§ Directions:
In the data below, find the line with "Moro junto mas" and the line with "No Option (feat.", then restate both and every line between them exactly, minus the pictures.

§ Source data:

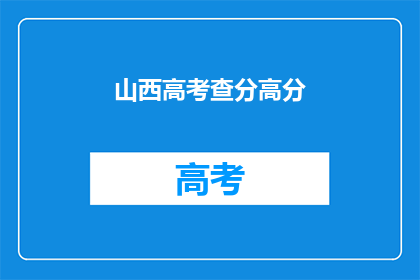 山西高考查分高分(山西高考查分高分，你的成绩如何？)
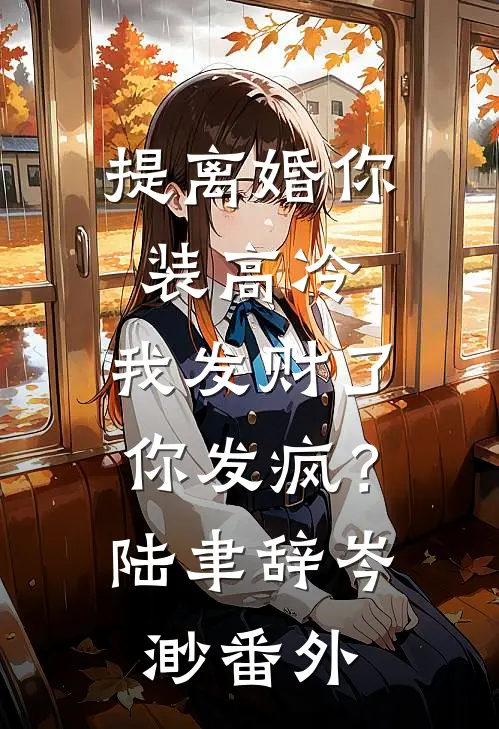 提离婚你装高冷，我发财了你发疯？陆聿辞岑渺番外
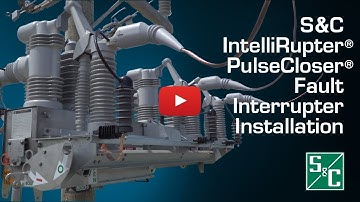 S&C IntelliRupter® PulseCloser® Fault Interrupter Installation
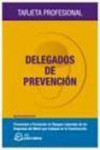 Delegados de Prevención Prevención y Formación en Riesgos Laborales de las Empresas | 9788492735112 | Portada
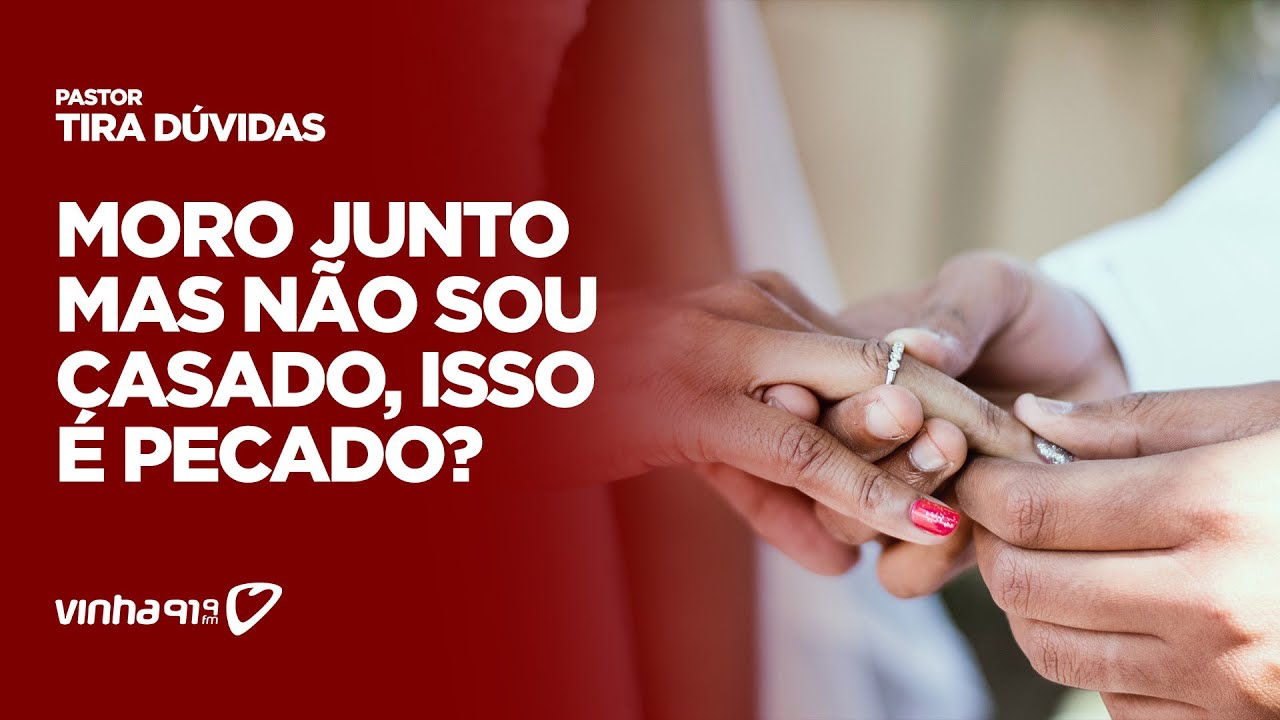 Moro junto mas não sou casado, isso é pecado? - Pastor Tira Dúvidas ...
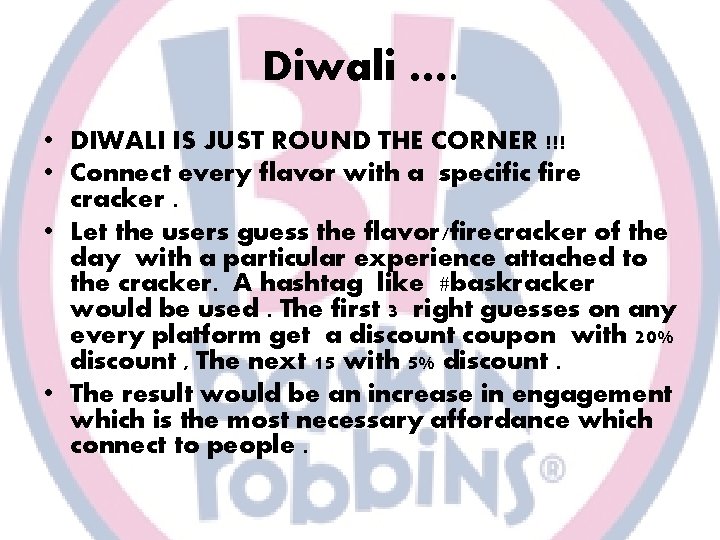 Diwali …. • DIWALI IS JUST ROUND THE CORNER !!! • Connect every flavor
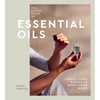 The Little Book of Essential Oils: An Introduction to Choosing, Using and Blending Oils - Hardcover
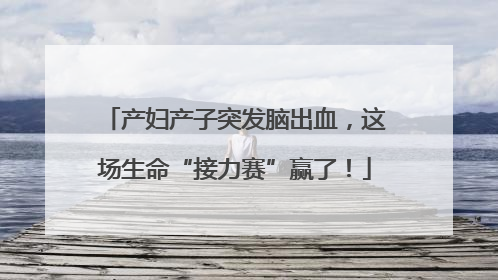 产妇产子突发脑出血，这场生命“接力赛”赢了！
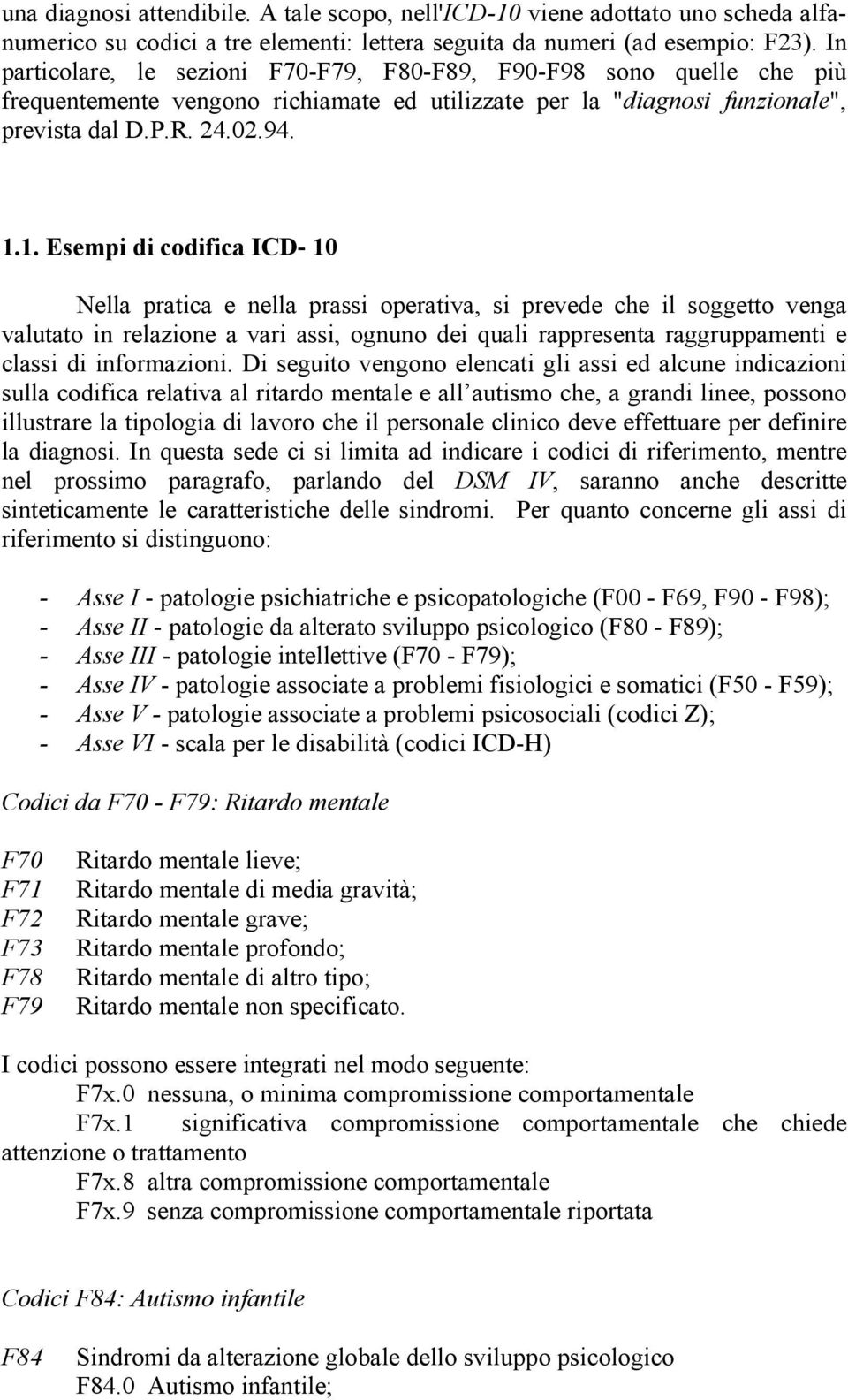 1. Esempi di codifica ICD- 10 Nella pratica e nella prassi operativa, si prevede che il soggetto venga valutato in relazione a vari assi, ognuno dei quali rappresenta raggruppamenti e classi di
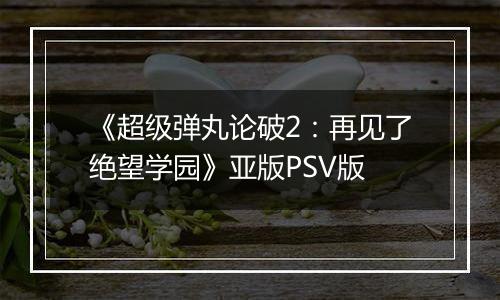 《超级弹丸论破2：再见了绝望学园》亚版PSV版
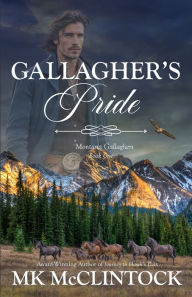 Title: Gallagher's Pride, Author: Mk McClintock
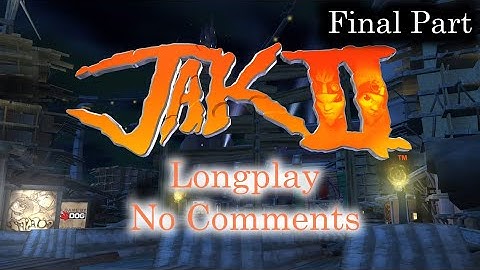 Jak 2: Final Part: Longplay: No comments: All the way to the Metal Head nest!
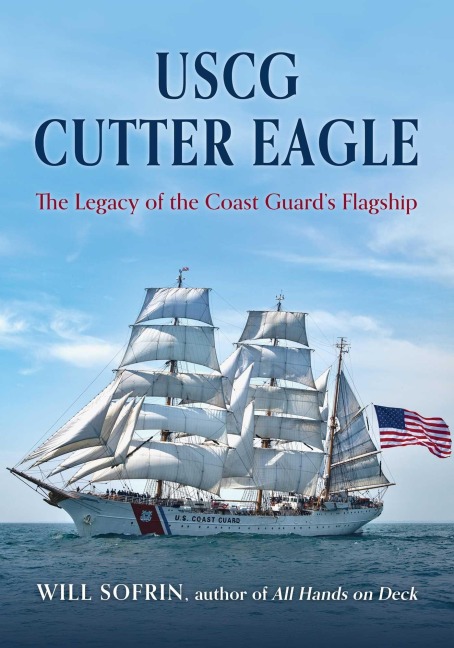 USCG Cutter Eagle: The Legacy of the Coast Guards Flagship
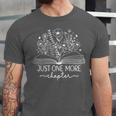 Just One More Chapter Bookish Book Reading Botanical Book Unisex Jersey T-Shirt Just One More Chapter Bookish Book Reading Botanical Book Unisex Jersey T-Shirt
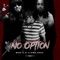 No Option (feat. JL & King Kash) - NIAH lyrics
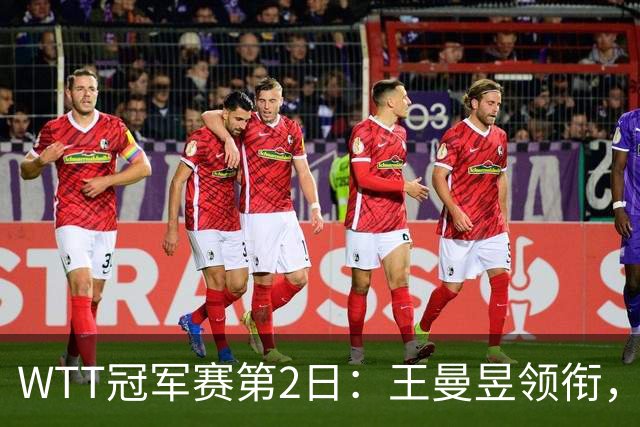WTT冠军赛第2日：王曼昱领衔，国乒5大主力上阵，王艺迪迎复仇战！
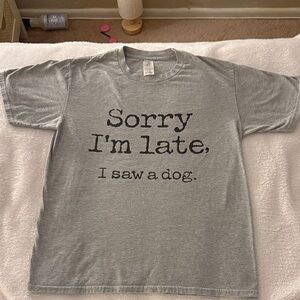 Sorry I’m Late, I Saw a Dog T-Shirt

§ Exercise result:
 Moro junto mas não sou casado, isso é pecado? - Pastor Tira Dúvidas ...
 Diwali …. • DIWALI IS JUST ROUND THE CORNER !!! • Connect every flavor
 The Little Book of Essential Oils: An Introduction to Choosing, Using and Blending Oils - Hardcover
 产妇产子突发脑出血，这场生命“接力赛”赢了！
 1. Esempi di codifica ICD- 10 Nella pratica e nella prassi operativa, si prevede che il soggetto venga valutato in relazione a vari assi, ognuno dei quali rappresenta raggruppamenti e classi di
 《超级弹丸论破2：再见了绝望学园》亚版PSV版
 Title: Gallagher's Pride, Author: Mk McClintock
 Jak 2: Final Part: Longplay: No comments: All the way to the Metal Head nest!
 USCG Cutter Eagle: The Legacy of the Coast Guards Flagship
 Just One More Chapter Bookish Book Reading Botanical Book Unisex Jersey T-Shirt Just One More Chapter Bookish Book Reading Botanical Book Unisex Jersey T-Shirt
 No Option (feat. JL & King Kash) - NIAH lyrics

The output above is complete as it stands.